Après avoir exposé sa démarche et les auditions qu'elle avaient menées, elle a rappelé que ce contrôle trouvait son origine dans l'examen des crédits de l'écologie et du développement durable figurant dans le projet de loi de finances pour 2006, qui faisaient apparaître des provisions pour frais de contentieux liés à l'application du droit communautaire, à hauteur de 909.331 euros.

Procédant à l'aide d'une vidéo-projection, elle a indiqué qu'environ 85 % du droit de l'environnement français avait une origine communautaire, ce qui avait un impact important sur le budget de l'écologie. Elle a souligné que la mise en oeuvre de Natura 2000 mobilisait ainsi, en 2006, 40 millions d'euros en autorisations d'engagement et 25,4 millions d'euros en crédits de paiement, tandis que dans le domaine de la politique de l'eau, la mise en place des directives communautaires représentait près de 40 % des moyens d'engagement des agences de l'eau sur la période 2003-2006, soit près de 3,2 milliards d'euros.

a indiqué que les sanctions pécuniaires liées à la non-application du droit communautaire de l'environnement représentaient une « épée de Damoclès » budgétaire pour la France. En effet, elle a rappelé que l'article 226 du traité instituant la Communauté européenne prévoyait les solutions à la disposition de la Commission européenne en cas de manquements des Etats membres à leurs obligations communautaires. Elle a précisé que l'article 228 du même traité fixait la procédure en cas de non-exécution des arrêts de la Cour de justice des communautés européennes, celle-ci pouvant alors infliger à l'Etat membre le paiement d'une somme forfaitaire ou d'une astreinte. Elle a observé que la Grèce fut ainsi condamnée à des sanctions pécuniaires en 2000, l'Espagne en 2003, puis la France en 2005 et en 2006.

Elle a ensuite détaillé l'important arrêt rendu le 12 juillet 2005 par la Cour de justice des communautés européennes à l'encontre de la France dans l'affaire dite des « Poissons sous taille ». Après avoir rappelé que la Cour de justice exerçait en matière de sanctions pécuniaires un pouvoir de pleine juridiction et qu'elle ne se sentait pas liée par les propositions de la Commission, elle a noté qu'elle avait interprété de manière extensive l'article 228 du traité instituant la Communauté européenne en condamnant la France à payer à la fois une somme forfaitaire (20 millions d'euros) et une astreinte (57,8 millions d'euros par période de six mois). Elle a précisé que cet arrêt avait conduit à une prise de conscience des enjeux au sein de l'administration française et que le paiement de ces sanctions pécuniaires avait été ventilé entre cinq ministères.

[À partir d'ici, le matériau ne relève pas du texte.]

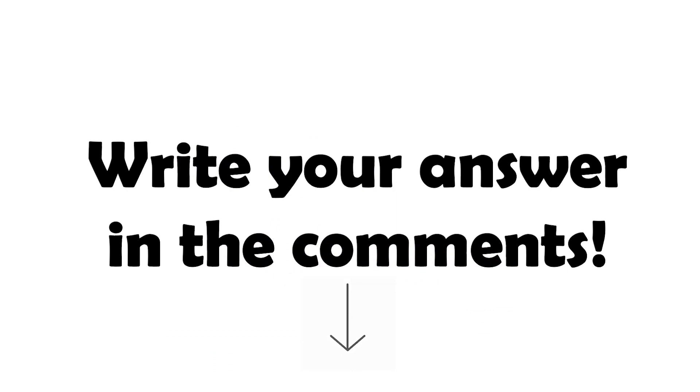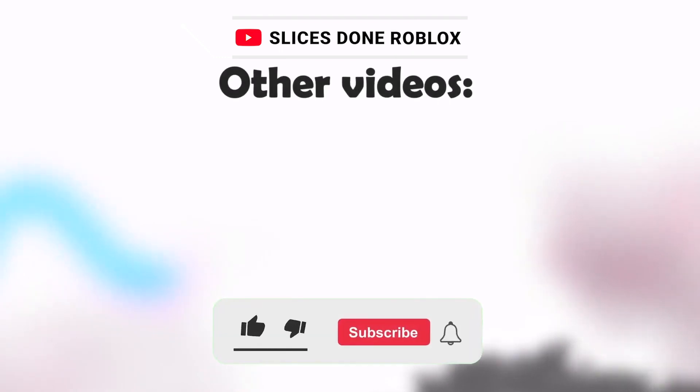Write your answer in the comments. If you'd like to receive more content, please subscribe to our channel and hit the like button. Thank you.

a noté qu'à la suite de cet arrêt, la Commission européenne avait revu, dans un sens plus restrictif, sa doctrine relative aux sanctions en cas de non-application des arrêts de la Cour de justice par les Etats membres. Elle a, en particulier, relevé la décision de la Commission de demander systématiquement à l'avenir le cumul d'une astreinte et d'une somme forfaitaire, un montant minimal étant fixé pour chaque Etat membre, ainsi que sa volonté de ne plus se désister en cas de régularisation en cours d'instance.

Elle a indiqué que le commissaire européen chargé de l'environnement lui avait fait part de la préférence de la Commission pour la coopération avec les Etats membres, la voie contentieuse et les sanctions pécuniaires n'étant considérées que comme l'ultime moyen de parvenir à la pleine exécution du droit communautaire.

Elle a estimé, toutefois, que la France se trouvait dans une position difficile, l'environnement étant le premier domaine de risque de sanctions pécuniaires. Elle a précisé que le ministère de l'écologie et du développement durable était directement responsable de 82 procédures précédant un premier arrêt de la Cour et que l'on comptait, en janvier 2006, 14 affaires environnementales à risque (sur 30 au total) au titre de l'article 228 CE, dont 9 relevaient de la responsabilité du ministère de l'écologie, trois de celle du ministère de la santé et deux de celle du ministère de la recherche. Elle a cité, parmi les affaires sensibles, celles concernant les dossiers Natura 2000, la pollution par les nitrates en Bretagne, l'étang de Berre ou l'application de la directive « Eaux résiduaires urbaines ».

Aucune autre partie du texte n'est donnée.